═════ Dataset ═════

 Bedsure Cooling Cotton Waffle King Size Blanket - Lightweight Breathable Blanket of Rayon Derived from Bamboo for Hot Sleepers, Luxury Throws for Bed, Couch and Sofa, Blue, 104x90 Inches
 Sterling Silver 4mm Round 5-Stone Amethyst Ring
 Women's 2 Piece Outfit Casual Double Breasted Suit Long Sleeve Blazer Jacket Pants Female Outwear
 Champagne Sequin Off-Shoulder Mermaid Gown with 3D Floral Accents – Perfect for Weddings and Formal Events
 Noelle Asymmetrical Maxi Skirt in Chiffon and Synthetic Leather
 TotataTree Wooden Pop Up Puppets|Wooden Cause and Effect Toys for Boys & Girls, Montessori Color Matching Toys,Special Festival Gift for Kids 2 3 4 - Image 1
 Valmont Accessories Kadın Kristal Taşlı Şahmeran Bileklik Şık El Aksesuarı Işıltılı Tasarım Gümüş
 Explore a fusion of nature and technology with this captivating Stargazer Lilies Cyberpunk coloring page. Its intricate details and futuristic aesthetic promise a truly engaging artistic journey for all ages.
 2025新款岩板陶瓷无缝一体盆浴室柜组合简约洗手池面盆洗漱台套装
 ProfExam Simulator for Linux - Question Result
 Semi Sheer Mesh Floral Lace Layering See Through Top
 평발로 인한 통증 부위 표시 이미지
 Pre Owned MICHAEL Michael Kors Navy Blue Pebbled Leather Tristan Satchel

═════

◆ **What to work on**: Your answer must be an exact transcription of all the data above.

◆ **Written solution**:
 Bedsure Cooling Cotton Waffle King Size Blanket - Lightweight Breathable Blanket of Rayon Derived from Bamboo for Hot Sleepers, Luxury Throws for Bed, Couch and Sofa, Blue, 104x90 Inches
 Sterling Silver 4mm Round 5-Stone Amethyst Ring
 Women's 2 Piece Outfit Casual Double Breasted Suit Long Sleeve Blazer Jacket Pants Female Outwear
 Champagne Sequin Off-Shoulder Mermaid Gown with 3D Floral Accents – Perfect for Weddings and Formal Events
 Noelle Asymmetrical Maxi Skirt in Chiffon and Synthetic Leather
 TotataTree Wooden Pop Up Puppets|Wooden Cause and Effect Toys for Boys & Girls, Montessori Color Matching Toys,Special Festival Gift for Kids 2 3 4 - Image 1
 Valmont Accessories Kadın Kristal Taşlı Şahmeran Bileklik Şık El Aksesuarı Işıltılı Tasarım Gümüş
 Explore a fusion of nature and technology with this captivating Stargazer Lilies Cyberpunk coloring page. Its intricate details and futuristic aesthetic promise a truly engaging artistic journey for all ages.
 2025新款岩板陶瓷无缝一体盆浴室柜组合简约洗手池面盆洗漱台套装
 ProfExam Simulator for Linux - Question Result
 Semi Sheer Mesh Floral Lace Layering See Through Top
 평발로 인한 통증 부위 표시 이미지
 Pre Owned MICHAEL Michael Kors Navy Blue Pebbled Leather Tristan Satchel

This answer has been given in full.